Investing with Fins to the Left and Fins to the Right
High volatility shines a spotlight on behavioral economics, which examines how psychological and social factors affect economic decisions. For most long-term investors, the biggest risks are selling out of fear or remaining underinvested for long periods of time. For example, buying into the S&P 500 at the 2007 peak—the single worst time before the Global Financial Crisis—still returned around 380%, or 8.6% annually.16 That was a major financial crisis compared to the constant churn of small disruptions today. Eventually, the cumulative effect could trigger a larger selloff, but even then, underinvesting is a risk.
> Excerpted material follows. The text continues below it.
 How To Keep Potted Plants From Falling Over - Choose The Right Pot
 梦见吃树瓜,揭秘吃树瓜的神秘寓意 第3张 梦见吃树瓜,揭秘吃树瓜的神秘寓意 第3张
Rather than sell and go away, investors can incorporate strategies and themes that help reduce volatility or provide exposure to long-term trends likely to weather short-lived storms. Hedged strategies like covered calls can help reduce sensitivity to equity and interest rate sensitivity. A strategy that owns an underlying index like the S&P 500 and sells calls on the entire holdings to generate income can bring down variation or beta to market by around 40%.17 Strategies that sell calls on part of the underlying index can offer market appreciation and income while still lowering overall market risk and vol susceptibility.
Themes that rely on multi-year contracts with stable cash flows like Defense Tech and Infrastructure Development typically have lower beta to the market, but they still have strong secular tailwinds tied to geopolitical challenges and increasing economic competition.18 Also, despite their high growth, long-term trends in disruptive technology like robotics, data centers, digital infrastructure, and internet of things are typically less volatile than the broad market, with two-year annualized forecasted earnings growth above 20%.19 Finally, certain commodity and energy themes like Uranium Mining, Electrification, and Clean & Renewable Energy can also help reduce volatility.